Dans les dispositifs territoriaux, compte tenu de la légèreté de la structure d’animation et de leur incapacité juridique à maîtriser les ouvrages, ce sont de nombreuses associations ou petites entreprises locales qui vivent de la manne publique territoriale en tant que sous-traitants de l’action publique. Les appels d’offre sont devenus monnaie courante. Pour une bonne partie de leurs compétences, les collectivités territoriales ne font plus, elles font faire via les procédures de marchés publics. Se constitue un noyau d’intervenants locaux consultés sur le projet territorial et sa mise en œuvre qui apportent techniques et méthodes de travail qui différent de la culture du service public. D’ailleurs, un syndicat comme la CGT même s’il soutient la territorialisation des politiques de l’emploi en cours dans les CTEF n’a de cesse de dénoncer les conséquences des appels d’offres en matière de formation et d’insertion. L’organisation syndicale déplore que « les missions locales perdent leur caractère spécifique d’accompagnement des jeunes en difficultés et se retrouvent en concurrence avec des organismes dont la mission est tout autre et c’est le sens de leur mission qui est remis en cause. ». Elle précise : « Depuis que l’ANPE et le Conseil régional ont choisi d’appliquer la procédure des appels d’offres aux actions d’insertion, d’accompagnement et de formation professionnelle, les demandeurs d’emplois sont les premières victimes d’un bouleversement incompréhensible des prestations qu’ils reçoivent, les formateurs, les gestionnaires d’associations subissent une instabilité qui réduit à néant des années de travail sur le territoire visant à créer un tissu social de proximité pour accompagner efficacement des parcours de formation souvent difficiles.
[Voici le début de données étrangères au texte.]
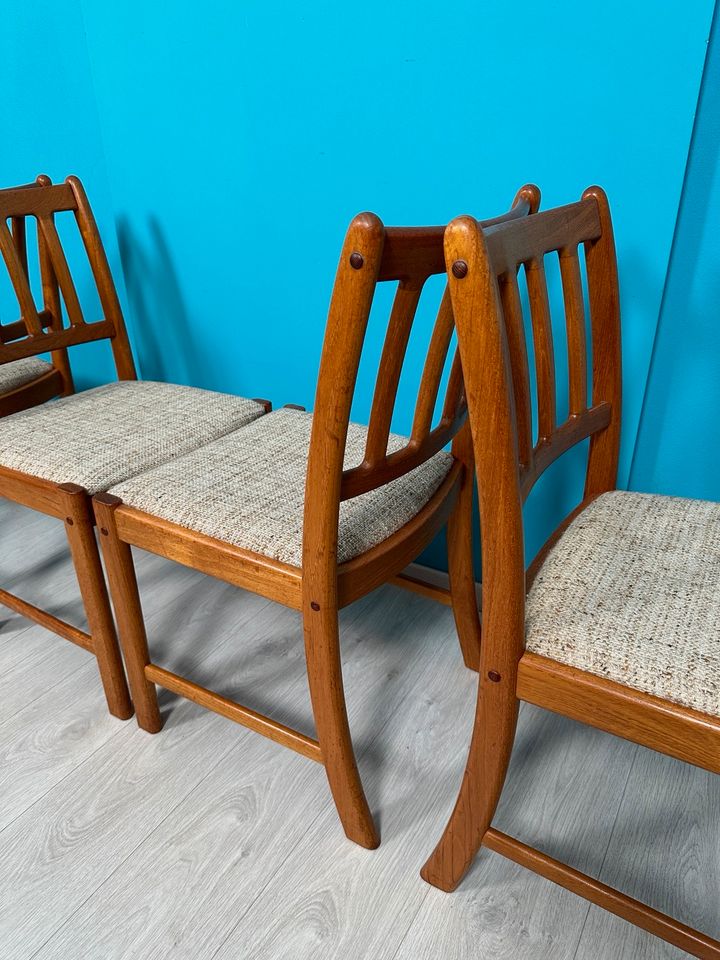 Dänische Teak Esszimmer-Stühle J. Andersen für Uldum, 60er 70er in Mülsen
Le système des appels d’offres met en effet en concurrence sans distinction des organismes importants avec des petites structures, des associations locales implantées sur un territoire avec des sociétés nationales voire européennes qui vont ensuite sous-traiter les actions sur place. » 418

En d’autres termes, aucun acteur du développement territorial n’échappe à cette mise en tension de l’action publique qui est une technique de gouvernement initiée par l’État, renforcée par la Région, relayée par les EPCI et les agents de développement dans les territoires infra régionaux. Les CLD viennent en appoint de légitimation de cette politique qu’ils entérinent plus qu’ils ne la co-construisent.

Notes
414.

Délibération n° 05.07.805 du 9 et 10 novembre 2005 sur laPolitique régionale des Contrats de Développement de Rhône- Alpes : Soutien aux CLD

Si les CLD prennent le statut d’association, le Conseil régional leur alloue une subvention de fonctionnement s’échelonnant de 21.000 à 42.000 euros à condition d’assurer les moyens d’une animation pérenne, de définir clairement un mode de fonctionnement, de remplir différentes missions et de créer un plan d’actions pour l’année.

415.

DUNOYER F. op.cit., p 19.

416.

C’est le terme que choisit WEBER en opposition au professionnalisme des politiques et des administrateurs dans le Savant et le politique, op.cit..

417.

WEBER M. Économie et société. Les catégories de la sociologie, op.cit., p 298.

418.

La position de la CGT Rhône-Alpes sur le recours aux appels d’offres en matière de formation est présentée dans la publication FORMATION PROFESSIONNELLE et INSERTION : Les appels d’offres font des ravages, ils ne sont pas obligatoires ! Revenons à une logique de service public !sur www.cgtra.org . Consulté le 12 avril 2007.